Musa Jibril

A few years back, I was in the capital of an African country, and a friend travelled in the opposite direction, visiting Lagos for the first time. Outside Nigeria, Lagos’ reputation is legendary. And he wanted the most of his time. He’d asked: “What is the best attraction in Lagos?” After wracking my brain for a few minutes, I came up with a few options that I felt would jell with his kind of person.

“There’s Fela’s Shrine (he loves Fela’s music),” I started. And because he was something of a bohemian, I’d also mention the twisted excitement available to gentlemen of leisure on Allen Avenue. He had authored a novel some few years using Yaba as one of the settings, of which I had pointed out to him that his depiction was a concatenation of mixed and distorted facts. So naturally, I also recommended a visit to Yaba and its feisty, flea-market surrounding.

Other places such as the National Theatre, Broad Street and Freedom Park was on the list.

He had a swell time. But none of my recommendations made his wow moments. Of course, he was bowled over by his Lagos experience. Lagos’ aquatic splendour, especially, stole his heart. “Chalee, that long bridge (Third Mainland Bridge) was so surreal, I had to tell the driver to repeat that,” he gushed.

I had an earful of his rhapsody from him which ended wistfully: “If I live in Lagos, I will find always be on the water most time of the week.”

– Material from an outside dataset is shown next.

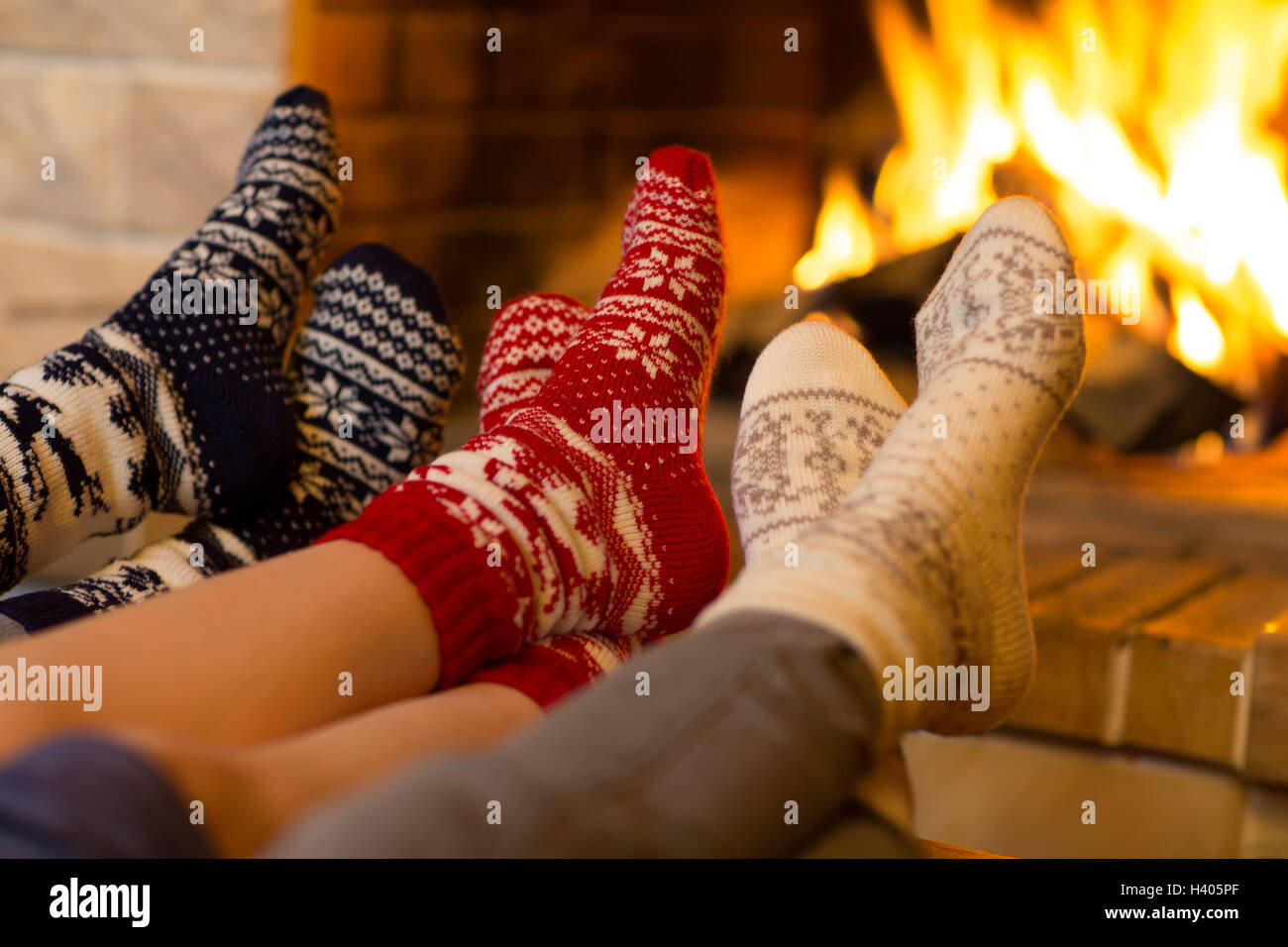 Family in socks near fireplace in winter or christmas time Stock Photo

Continuing,  he said: “Probably because you live there, you had become too familiar with the scenery you become insensitive to the little pleasures of the water. Nothing beats a cruise on the waterways.”

True, a boat cruise is an adventure that is below the radar of a typical Lagosian. Ask them what their idea of a swell timeout is and they would throw at you names of high-end restaurant, top-notch resorts and beaches and swanky hotels. That tells you boat cruise is one of the best-kept secrets of pleasure connoisseurs of Lagos.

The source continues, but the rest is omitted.